Question

If we rotate the axes of the rectangular hyperbola $x^2-y^2=a^2$ through an angle $\pi / 4$ in the clockwise direction then the equation $x^2-y^2=a^2$ reduces to $x y=\frac{a^2}{2}=\left(\frac{a}{\sqrt{2}}\right)^2=c^2$ (say).
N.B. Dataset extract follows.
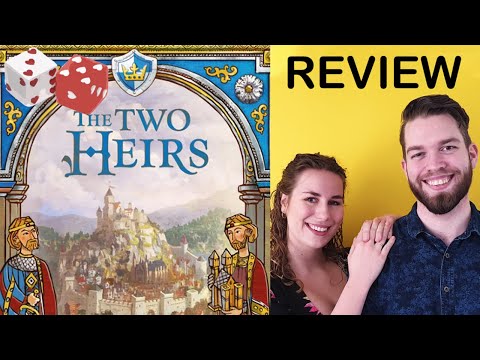 The Two Heirs Review - Don't Judge a Book By Its Cover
Since $x=c t, y=\frac{c}{t}$ satisfies $x y=c^2$
$\therefore (x, y)=\left(c t, \frac{c}{t}\right)(t \neq c)$ is called a 't' point on the rectangular hyperbola.
If $t_1$ and $t_2$ are the roots of the equation $x^2-4 x+2=0$, then the point of intersection of tangents at '$ t_1$' and '$ t_2$ ' on $x y=c^2$ is -

• A. $\left(\frac{ c }{2}, 2 c \right)$
• B. $\left(2 c , \frac{ c }{2}\right)$
• C. $\left(\frac{c}{2}, c\right)$
• D. $\left( c , \frac{ c }{2}\right)$

Answer 1

Answer: (D)

Tangent of $xy = c ^2$ at $t _1 \& t _2$ are
$x+t_1^2 y =2 c t_1 \ldots(i)$
and $x+t_2^2 y =2 c t_2 \ldots \text { (ii) }$
on solving (i) & (ii) we get
$y=\frac{2 c}{t_1+t_2}=\frac{2 c}{4}, x=\frac{2 c_1 t_2}{t_1+t_2}=\frac{4 c}{4}$
$\therefore$ point of intersection is $\left(c, \frac{c}{2}\right)$.